The film was a first try for me and a very new venture for Louise. I enjoyed it. I want to make more films. I want to make more art. I need to get a video recorder.
I think for a weeks worth of filming the film’s pretty good. Excited at the idea of making films in collaboration with Louise again and also with a load of people.
jennifer mcdonald, louise woodcock film – womb soundtrack
Following a week’s residency the film Jennifer McDonald and Louise Woodcock produced was screened on Sunday.
The film’s fairly brief at present – around 3 minutes – but was looped something like four times to a live soundtrack provided by a minimal line-up of Womb. Just Jennifer, Emily and Whitney. Louise was working so unable to attend.

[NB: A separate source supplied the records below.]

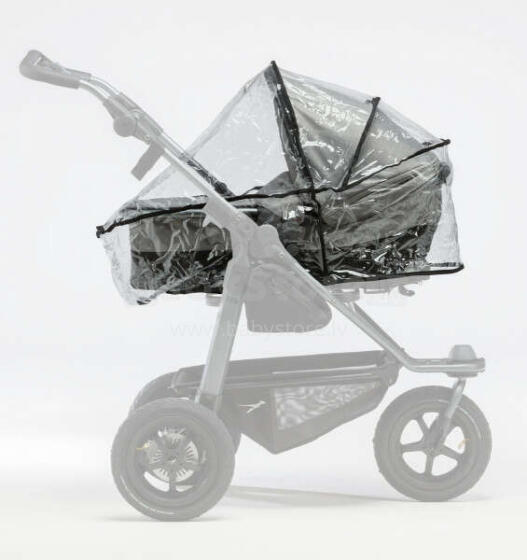 TFK Raincover for Mono Combi Art.T-003-M1-K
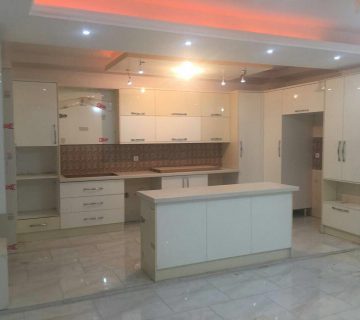 کابینت های گلاس در قم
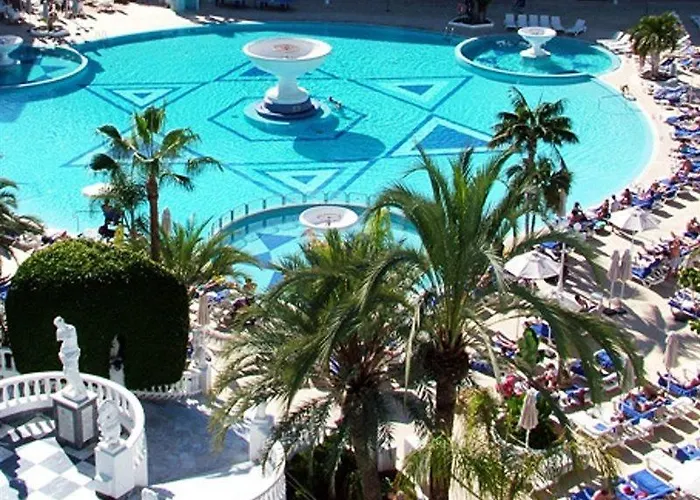 클레오파트라 팰리스 4*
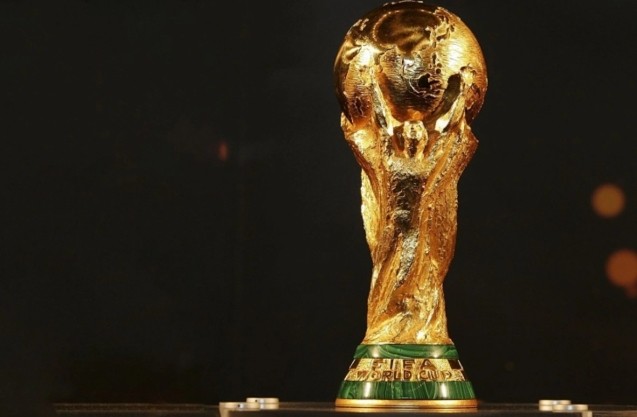 Определились 32 из 48 участников ЧМ-2026 в США, Канаде и Мексике
 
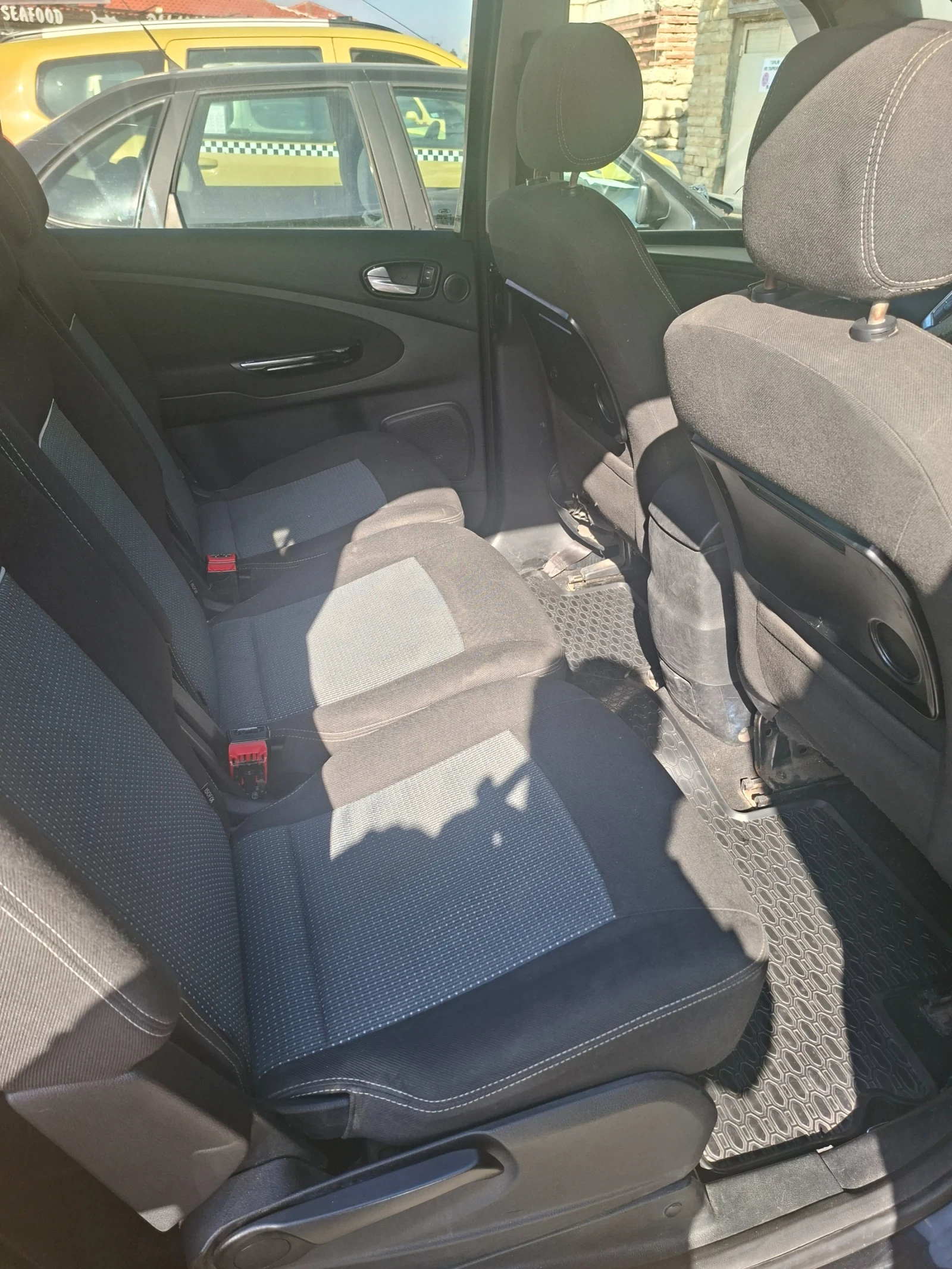 Ford Galaxy, снимка 2 - Автомобили и джипове - 56288752
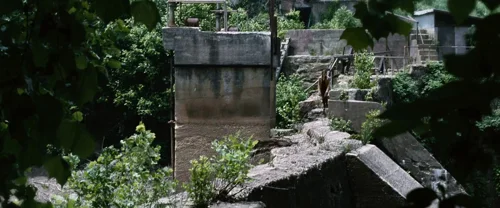 Still frame 1 from The Hunger Games (2012) directed by Gary Ross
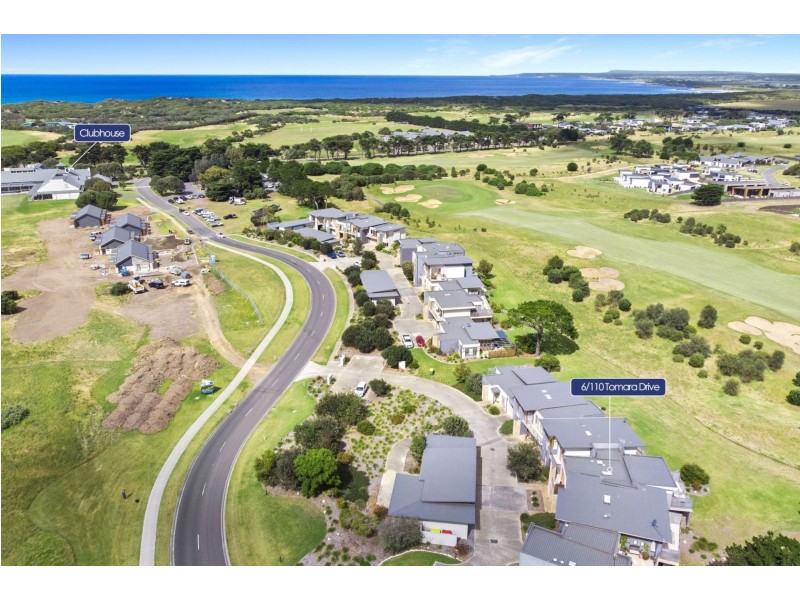 6/110 Tomara Drive, Connewarre VIC 3227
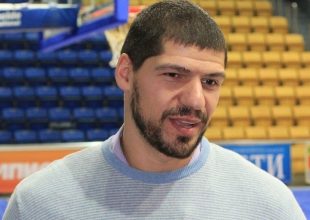 Στο τεχνικό τιμ του Άρη ο Λάζαρος Παπαδόπουλος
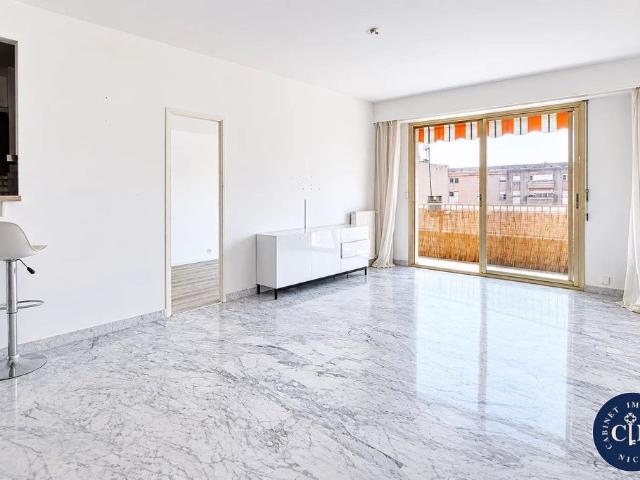 Appartement vente à Nice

Much of the material was shot around Pendle Hill – associated with the famous witch-trials – and involved ritual actions with bones and hair. There are obvious superficial similarities to Derek Jarman and Andrew Kötting’s Gallivant. But the film mostly looks and feels different from both those comparisons.
To me the film feels like it has a more contemporary sensibility. Jarman was rooted in a 60s/70s queer/avant-garde aesthetic. Gallivant from the mid-90s seems closer to the 80s films of Chris Petit and Patrick Keiller. For me Jennifer and Louise’s film is closer to some more recent video installations I’ve seen.
I’ll expand on that a little I think – there are a few ideas packed into that last sentence. I have noticed in a lot of recent video installations a convergence between the old idea of video installations – where a single or limited number of ideas are explored, more conventional narrative filmmaking, and documentary filmmaking. At the same time certain narrative filmmakers and documentarists – Gus Van Sant, Lynne Ramsay, Claire Denis, and Adam Curtis for example produce images and films that might be as much at home in the gallery. Others, prominently Apichatpong Weerasethakul, work happily between the two contexts.
And as digital cameras reduce in weight and cost while increasing in quality, at the same time as mainstream cinema and tv continue to raid the aesthetic of mobile phones/cheap digital cameras/CCTV for a bogus ‘authenticity’ it can be less easy to visually differentiate the expensive from the cheap.
Installations are becoming less static, more technically and editorially ambitious. Again aided by afforable technology. The film as it currently stands could sit happily as an installation or (part of) a more conventional narrative or documentary film.
I also feel – though I’ll immediately question this – that the film has a less masculine sensibility than my initial comparisons of Jarman and Kötting. To Jennifer and Louise I also mentioned that I felt I could see hints of Andrei Tarkovsky and Benjamin Christensen’s Häxan.
Taking that contentious ‘less masculine sensibility’ first, what I mean is that it seems to be less linear, less interested in explaining itself, less about showing off than the work of male directors. But at the same time I was irritated when VS Naipaul recently claimed he could tell male from female writers within a paragraph, and that male writers were better. I also think there’s a danger of gender essentialism in claiming to see differences. Besides which I know who the filmmakers were in all these cases – so any traits that might be detected are informed by already knowing the artist’s gender.
The hints of Tarkovsy are in the meditative nature of some of the shots – especially the convex mirror, and the cross installation. The hints of Häxan are in the subject matter, and in the critique of religion’s approach to women and witchcraft – explicit in Häxan, implicit in Jennifer and Louise’s film.
The soundtrack to the film by the reduced line-up of Womb was great. The more I’ve listened back to it the less it sounds improvised. It also feels a lot less than 13 minutes long.
One of the main things I like about the soundtrack is that it combines two extremes of Womb’s sound. There’s the highly structured, musical side of things – and the looser, rhythmic, noise-making elements – with none of the shades that usually intervene between the two.
I also liked that the sounds don’t mimic images onscreen. They stand in independent relationship to the film. Although the pace and the changes in the sound perhaps reflect the edits and the tempo of the film.
It was interesting to hear what was effectively a more contemplative Womb in a different context from their usual performances in pubs and clubs. There was a greater freedom to allow nuance and space into the music, to let it drift and breathe more than it usually can.
I got a handful of honestly rather shite photos for Jennifer and recorded the soundtrack (see here). I understand the film – possibly with soundtrack will make it online at some point. For a week’s work, and a first attempt (I guess second for Louise) at making film it’s bloody impressive.